Question

Solve 2x + 3y = 11 and 2x − 4y = −24 and hence find the value of 'm' for which y = mx + 3
(a) 3
(b) -4
(c) -1
(d) 5

Answer 1

Hint: First, solve the given pair of linear equations by subtracting equation (2) from equation (1) to get y = 5. Substitute this to equation (1) to get x = -2. Substitute x = -2 and y = 5 into y = mx + 3 and solve for m to get the final answer.

Complete step-by-step answer:
In this question, we need to solve the two given equations: 2x + 3y = 11 and 2x − 4y = −24 and then use this solution set to find the value of m for which y = mx + 3.

The given pair of linear equations are:

2x + 3y = 11 …(1)

2x − 4y = −24 …(2)

Subtracting equation (2) from equation (1), we will get the following:

$\Rightarrow$ 2x + 3y – (2x – 4y) = 11 – (-24)

$\Rightarrow$ 2x + 3y – 2x + 4y = 11 + 24

$\Rightarrow$ 7y = 35

$\Rightarrow$ y = 5

Now, substituting this y = 5 in equation (1), we will get the following:

$\Rightarrow$ 2x + 3y = 11

$\Rightarrow$ 2x + 3(5) = 11

$\Rightarrow$ 2x + 15 = 11

$\Rightarrow$ 2x = - 4

$\Rightarrow$ x = -2

So, we have the solution set for the given pair of linear equations: x = -2 and y = 5.

Now, we need to find the value of m which satisfies y = mx + 3.
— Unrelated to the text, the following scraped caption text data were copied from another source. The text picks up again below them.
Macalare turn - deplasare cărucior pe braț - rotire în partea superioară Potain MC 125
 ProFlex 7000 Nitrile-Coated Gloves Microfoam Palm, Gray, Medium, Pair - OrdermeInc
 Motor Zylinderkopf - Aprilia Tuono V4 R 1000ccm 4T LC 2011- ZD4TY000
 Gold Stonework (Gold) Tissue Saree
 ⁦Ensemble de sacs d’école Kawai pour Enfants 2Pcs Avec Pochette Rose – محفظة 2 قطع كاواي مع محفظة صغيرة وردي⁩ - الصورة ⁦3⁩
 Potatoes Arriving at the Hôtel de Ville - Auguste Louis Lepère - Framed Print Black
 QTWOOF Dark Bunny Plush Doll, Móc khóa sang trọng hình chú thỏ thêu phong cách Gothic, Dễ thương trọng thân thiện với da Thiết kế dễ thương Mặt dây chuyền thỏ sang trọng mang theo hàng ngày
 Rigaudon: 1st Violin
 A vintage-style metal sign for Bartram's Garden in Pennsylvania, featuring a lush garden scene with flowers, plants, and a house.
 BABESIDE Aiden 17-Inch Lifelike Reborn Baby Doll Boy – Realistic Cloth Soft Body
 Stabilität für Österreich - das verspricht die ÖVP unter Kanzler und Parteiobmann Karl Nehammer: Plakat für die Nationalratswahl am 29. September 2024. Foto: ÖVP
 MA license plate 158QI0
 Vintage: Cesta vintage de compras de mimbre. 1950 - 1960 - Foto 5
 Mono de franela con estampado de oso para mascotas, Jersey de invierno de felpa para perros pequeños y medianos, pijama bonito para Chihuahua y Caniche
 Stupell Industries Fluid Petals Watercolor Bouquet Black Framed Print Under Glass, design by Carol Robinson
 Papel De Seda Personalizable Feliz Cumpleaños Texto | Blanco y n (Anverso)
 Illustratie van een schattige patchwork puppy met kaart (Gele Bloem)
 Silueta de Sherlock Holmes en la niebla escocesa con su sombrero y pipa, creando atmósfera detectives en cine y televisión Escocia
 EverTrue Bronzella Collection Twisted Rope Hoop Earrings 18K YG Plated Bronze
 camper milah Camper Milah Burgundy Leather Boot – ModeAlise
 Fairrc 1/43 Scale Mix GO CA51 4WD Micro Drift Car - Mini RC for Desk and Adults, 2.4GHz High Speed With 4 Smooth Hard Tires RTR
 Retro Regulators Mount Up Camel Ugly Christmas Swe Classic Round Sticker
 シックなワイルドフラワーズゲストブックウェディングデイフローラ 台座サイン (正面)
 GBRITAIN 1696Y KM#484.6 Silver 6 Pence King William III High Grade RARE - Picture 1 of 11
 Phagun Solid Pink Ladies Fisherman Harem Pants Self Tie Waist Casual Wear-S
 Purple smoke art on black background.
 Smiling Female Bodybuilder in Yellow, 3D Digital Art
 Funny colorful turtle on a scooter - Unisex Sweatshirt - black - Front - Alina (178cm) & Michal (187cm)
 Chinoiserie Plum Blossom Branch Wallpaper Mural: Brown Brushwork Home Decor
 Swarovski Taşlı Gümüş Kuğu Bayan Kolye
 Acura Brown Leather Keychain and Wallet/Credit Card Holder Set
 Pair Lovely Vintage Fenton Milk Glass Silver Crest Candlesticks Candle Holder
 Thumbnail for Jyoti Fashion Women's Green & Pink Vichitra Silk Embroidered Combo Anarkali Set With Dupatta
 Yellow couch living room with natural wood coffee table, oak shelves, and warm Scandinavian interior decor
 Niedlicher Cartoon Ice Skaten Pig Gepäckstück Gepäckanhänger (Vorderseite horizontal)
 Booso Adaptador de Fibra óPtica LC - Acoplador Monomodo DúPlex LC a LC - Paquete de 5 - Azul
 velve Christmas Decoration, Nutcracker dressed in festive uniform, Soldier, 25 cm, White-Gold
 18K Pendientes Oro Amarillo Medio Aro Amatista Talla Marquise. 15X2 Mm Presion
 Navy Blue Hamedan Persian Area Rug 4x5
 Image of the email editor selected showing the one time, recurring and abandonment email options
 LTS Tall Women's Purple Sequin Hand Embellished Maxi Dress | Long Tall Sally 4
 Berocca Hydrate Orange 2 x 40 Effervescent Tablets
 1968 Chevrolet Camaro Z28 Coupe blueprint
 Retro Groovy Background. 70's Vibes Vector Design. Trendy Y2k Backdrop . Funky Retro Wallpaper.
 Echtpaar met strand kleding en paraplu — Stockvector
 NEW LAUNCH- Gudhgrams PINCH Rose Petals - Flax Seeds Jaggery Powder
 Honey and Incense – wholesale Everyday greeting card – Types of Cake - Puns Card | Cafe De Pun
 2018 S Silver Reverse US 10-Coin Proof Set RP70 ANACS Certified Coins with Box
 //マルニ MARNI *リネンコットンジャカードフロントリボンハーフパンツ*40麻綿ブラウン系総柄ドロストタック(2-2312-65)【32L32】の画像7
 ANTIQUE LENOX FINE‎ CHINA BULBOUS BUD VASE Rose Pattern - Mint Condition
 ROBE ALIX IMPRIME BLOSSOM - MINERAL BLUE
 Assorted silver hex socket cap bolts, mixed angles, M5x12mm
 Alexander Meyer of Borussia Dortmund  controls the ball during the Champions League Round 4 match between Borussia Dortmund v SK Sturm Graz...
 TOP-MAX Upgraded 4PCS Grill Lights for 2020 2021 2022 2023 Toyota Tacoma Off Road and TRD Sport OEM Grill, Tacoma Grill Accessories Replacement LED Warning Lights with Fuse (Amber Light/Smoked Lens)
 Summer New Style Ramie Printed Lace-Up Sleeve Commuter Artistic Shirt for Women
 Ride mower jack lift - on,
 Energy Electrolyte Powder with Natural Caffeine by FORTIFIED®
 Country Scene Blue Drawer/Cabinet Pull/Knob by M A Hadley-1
Substituting, x = -2 and y = 5 into y = mx + 3, we will get the following:

$\Rightarrow$ 5 = -2m + 3

$\Rightarrow$ 2 = -2m

$\Rightarrow$ m = -1

So, option (c) is correct.

Note: In this question, it is very important to know how to solve a pair of linear equations. In the above solution, we subtracted one equation by the other to eliminate one variable. We can also solve a pair of linear equations by taking one equation and expressing one variable in terms of the other. Substitute this expression in the other equation to eliminate one variable. Then solve in the same way as done in the above solution.